— EXTRACTED ENTRIES —
Content starts

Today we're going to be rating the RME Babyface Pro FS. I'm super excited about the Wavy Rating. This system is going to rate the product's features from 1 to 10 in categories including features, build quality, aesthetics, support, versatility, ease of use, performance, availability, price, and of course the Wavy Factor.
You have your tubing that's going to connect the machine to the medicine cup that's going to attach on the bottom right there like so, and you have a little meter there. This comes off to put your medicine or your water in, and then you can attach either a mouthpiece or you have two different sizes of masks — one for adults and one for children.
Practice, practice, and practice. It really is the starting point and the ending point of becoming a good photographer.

Content ends
Content starts

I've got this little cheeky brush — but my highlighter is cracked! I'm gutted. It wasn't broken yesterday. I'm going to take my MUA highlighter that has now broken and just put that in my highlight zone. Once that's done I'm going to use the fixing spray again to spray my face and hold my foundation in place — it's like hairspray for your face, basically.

Content ends
Content starts

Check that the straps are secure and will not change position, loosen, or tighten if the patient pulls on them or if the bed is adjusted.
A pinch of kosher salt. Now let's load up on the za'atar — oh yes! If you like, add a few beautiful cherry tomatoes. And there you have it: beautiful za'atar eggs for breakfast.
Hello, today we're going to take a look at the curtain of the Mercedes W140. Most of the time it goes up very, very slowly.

Content ends

— WHAT THIS TASK INVOLVES —
All lines in the records above that contain "going" are to be reported.

— FINAL ANSWER —
Today we're going to be rating the RME Babyface Pro FS. I'm super excited about the Wavy Rating. This system is going to rate the product's features from 1 to 10 in categories including features, build quality, aesthetics, support, versatility, ease of use, performance, availability, price, and of course the Wavy Factor.
You have your tubing that's going to connect the machine to the medicine cup that's going to attach on the bottom right there like so, and you have a little meter there. This comes off to put your medicine or your water in, and then you can attach either a mouthpiece or you have two different sizes of masks — one for adults and one for children.
I've got this little cheeky brush — but my highlighter is cracked! I'm gutted. It wasn't broken yesterday. I'm going to take my MUA highlighter that has now broken and just put that in my highlight zone. Once that's done I'm going to use the fixing spray again to spray my face and hold my foundation in place — it's like hairspray for your face, basically.
Hello, today we're going to take a look at the curtain of the Mercedes W140. Most of the time it goes up very, very slowly.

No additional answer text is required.